In this and following articles, I will document the geology used to identify impact structures. I will also describe my amateur observations of various craters that I have visited (on this planet for the time being) and how these observations can and cannot be used as evidence of an impact. Before I get into the recently discovered methods that are used for identification of impact structures, I will first describe how they are created.
Impact crater formation is unlike any other known terrestrial geological process. Impact involves the transfer of massive amounts of energy to a relatively small area of the Earth’s surface, in an extremely short period of time (Kinetic energy). The kinetic energy of an object of mass m traveling at a speed v is mv2/2, provided v is much less than the speed of light.

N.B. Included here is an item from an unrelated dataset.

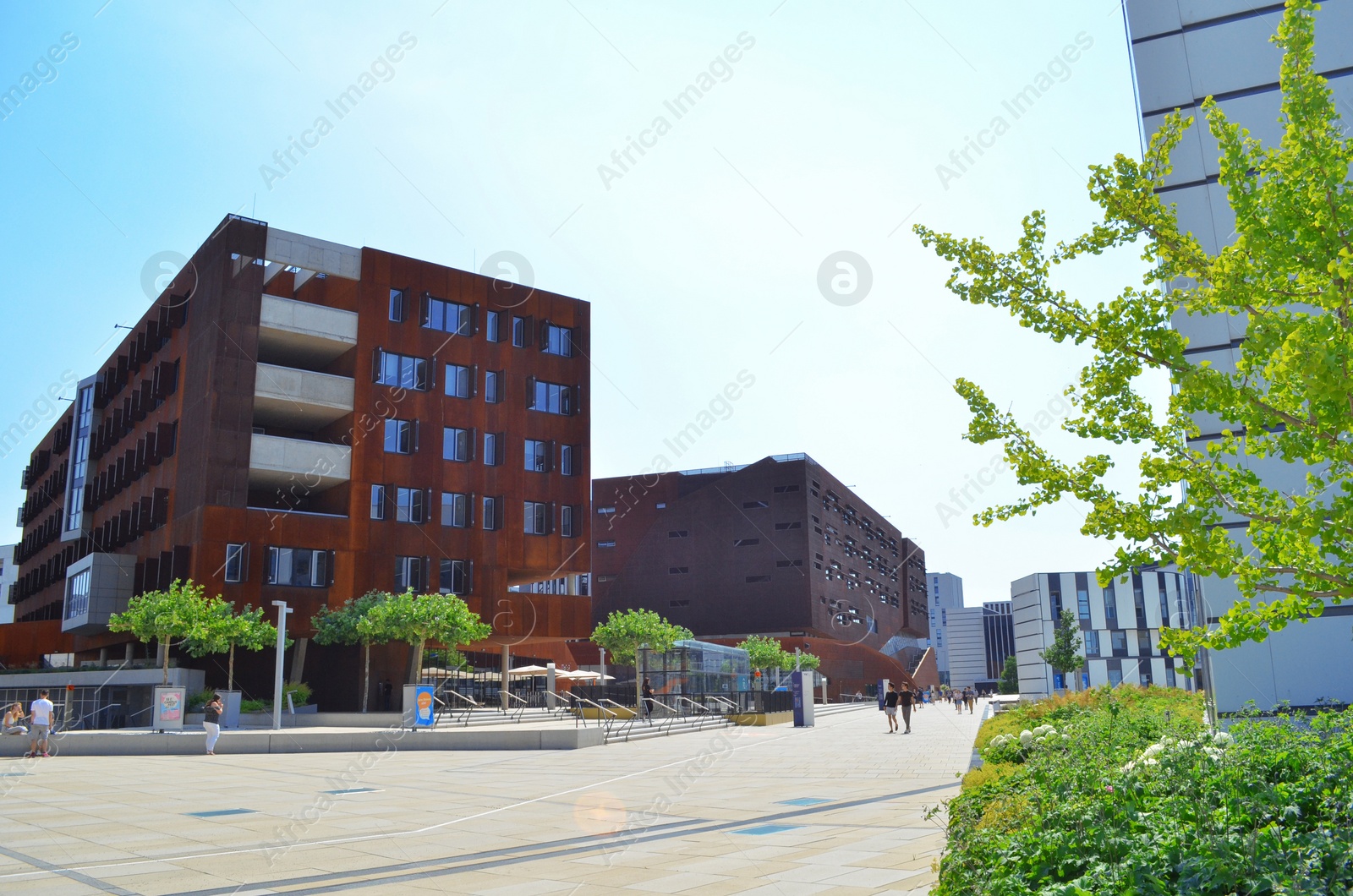 Photo of VIENNA, AUSTRIA - JUNE 18, 2018: City street with modern buildings on sunny day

The cratering process has been divided into three distinct stages, each dominated by different forces and mechanisms:
- Contact & Compression
The cratering process begins when the impactor, travelling at 10 to 75 km/s, makes initial contact with the target body. This starts the contact and compression process which lasts only fractions of a second. During this time the impactor will penetrate up to 2 times its diameter. At this point the kinetic energy of the impactor is transformed into shock waves that radiate into the target body and back into the impactor itself. The energy of the impact produces a spherical expanding envelope of hot gas regardless of the angle of impact. The impactor and the immediate area of the impact are completely vaporized . With few exceptions, the impact explosion almost always produces a circular crater. Elliptical impact craters are known elsewhere in the solar system and are caused from impactors at a very low-angle or obliquity of 10°–15° (Kenkmann 2009). After only a fraction of a micro-second, the compression stage ends with the complete transfer of energy in the form of a shock wave and latent heat.
The crater excavation stage (Melosh, 1980) overlaps somewhat with the compression stage and involves two processes:
- upward ejection (spalling) of large near-surface fragments and smaller ejecta (ejecta curtain);
- subsurface flow of target material to form the transient crater.
In seconds the resulting kinetic energy release creates an explosion that forms the initial transient crater. This energy release is transferred into complex interactions within the resulting shockwaves. The crater now consists of an evacuated zone (forming impact ejecta) and a lower displaced zone (forming crater-fill impactites). The excavation process is complete when the energy in the shock waves can no longer displace target rocks. This process could last up to 90 seconds for a crater of up to a 200 km diameter.
The initial transient crater is unstable and the modification stage commences. Small craters of <4 km (on Earth) are relatively stable after the excavation stage. For larger craters, the impact structure is gravitationally unstable and its modification stage will include uplift of the crater floor and collapse of the unstable steep walls (slumping). These movements will be completed in a few minutes and could result in a complex or multi-ring crater. Minor faulting, mass movement and/or hydrothermal activity in the larger craters could last indefinitely.
 In some rare cases the projectile survives the cratering process, at least in the form of meteorite fragments (apart from geochemical traces in melts at larger structures). At Barringer crater and at small simple impact structures (<< 2km) like Wolfe Creek or Odessa, the meteorite can survive. A large fragment of the impacting meteorite was found beneath the melt sheet at the ≥70 km Morokweng impact structure, South Africa (Schmieder 2010).